In addition to its wake-promoting effects and ability to increase locomotor activity in animals, according to Nuvigil prescribing information from manufacturer Cephalon, armodafinil produces psychoactive and euphoric effects, alterations in mood, perception, thinking, and feelings typical of other central nervous system (CNS) stimulants in humans. Armodafinil, like racemic modafinil, may also possess reinforcing properties, as evidenced by its self-administration in monkeys previously trained to administer cocaine; armodafinil was also partially discriminated as stimulant-like. A Cephalon-founded study in which patients were administered modafinil, methylphenidate, and a placebo found that modafinil produces "psychoactive and euphoric effects and feelings consistent with [methylphenidate]."

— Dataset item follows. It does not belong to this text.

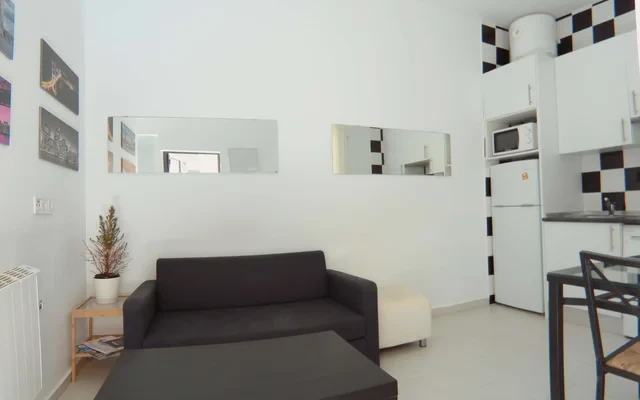 Apartment Calle Rodrigo Uhagon 4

Armodafinil (R-(−)-modafinil) has pharmacological properties almost identical to those of modafinil, a mixture of armodafinil and esmodafinil ((S)-(+)-modafinil). The (R)- and (S)-enantiomers have similar pharmacological action in animals. In humans however, armodafinil has a lower therapeutic dose range than modafinil, suggesting greater clinical potency, and also has a longer duration.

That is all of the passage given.